KYIV, (Reuters) – Leonid Kravchuk, a former communist who helped sign the Soviet Union’s death warrant and then served as the first president of independent Ukraine, died yesterday at the age of 88.
Volodymyr Zelenskiy, now leading Ukraine as it confronts invading Russian forces, described Kravchuk as a wise leader who guided the country in the chaotic first years of independence from Soviet rule.
“He was a person always able to find wise words and express them in such a way that they were heard by all Ukrainians,” Zelenskiy said in his nightly video address.
“Particularly in times of crisis.

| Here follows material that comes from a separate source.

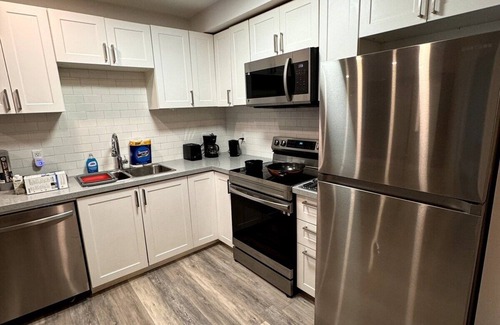 Walkerville Apartment | Studio Apartment | close to Windsor-Detroit Tunnel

When the future of an entire country can depend on the wisdom of one person.”
Kravchuk, the president said, displayed such wisdom as Ukraine’s national movement gained strength in the late 1980s, culminating in a December 1991 referendum in which more than 90% of voters chose independence.

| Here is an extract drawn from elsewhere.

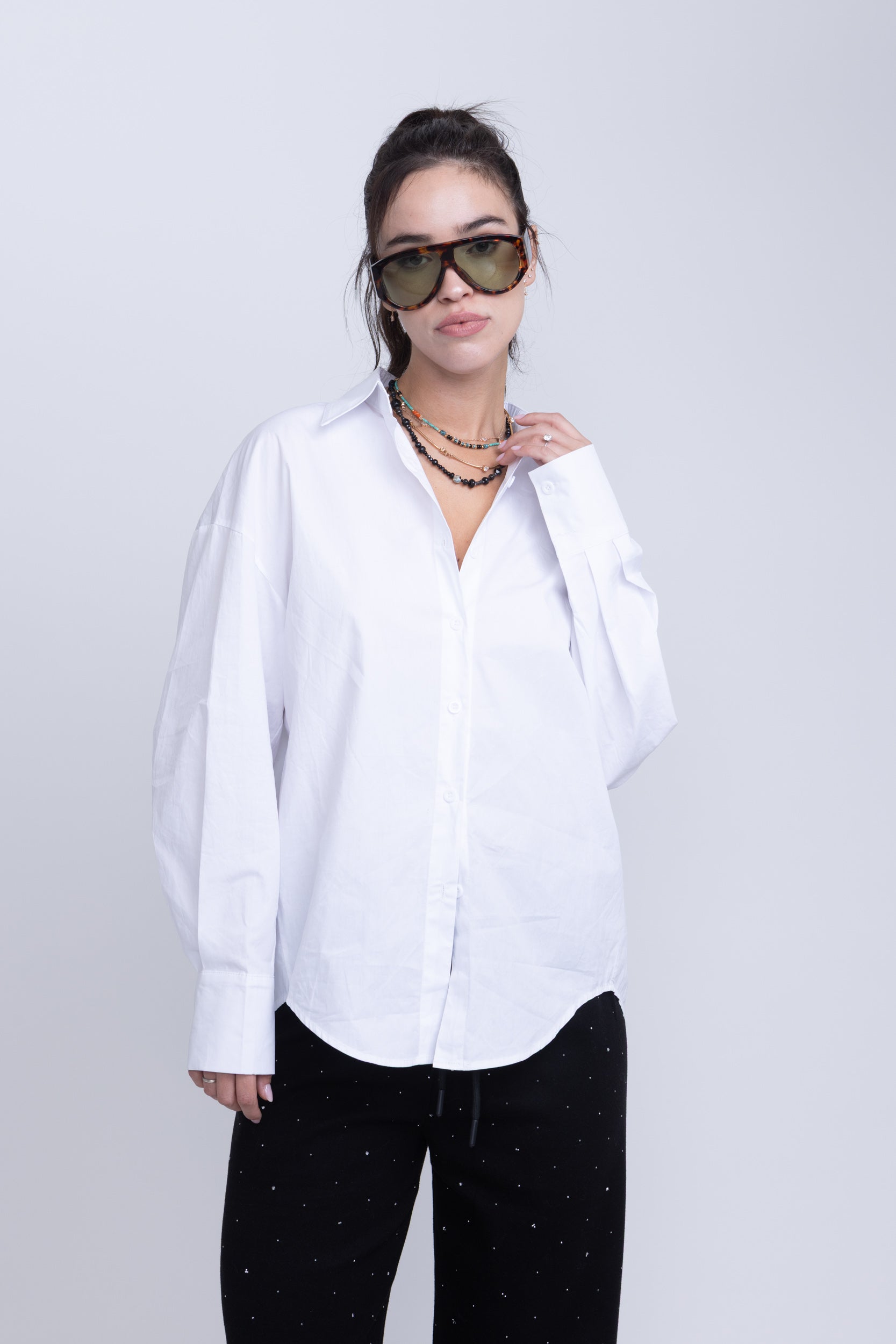 מכופתרת שחר לבן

Kravchuk was elected president the same day.
“He acted brilliantly in 1991 and it is only now that appears that things were easy for him,” Zelenskiy said.
Kravchuk became known as the “wily fox” as he rose through the ranks of Ukraine’s Commu-nist Party, taking over as head of parliament in what was then a Soviet republic in 1990.
But he quit the party soon after a failed coup coup against Soviet leader Mikhail Gorbachev in August 1991. Ukraine’s parliament adopted a declaration of independence the same month.
In December 1991, he signed the Belovezha accords with Russian President Boris Yeltsin and Belarusian leader Stanislav Shushkevich, which effectively triggered the Soviet Union’s collapse.
“I understood Ukraine could never be really independent if the USSR still existed,” Kravchuk said. “I came there knowing Ukrainians’ aspirations to be independent. I was fulfilling their will.”
Yeltsin died in 2007 while Shushkevich died last week.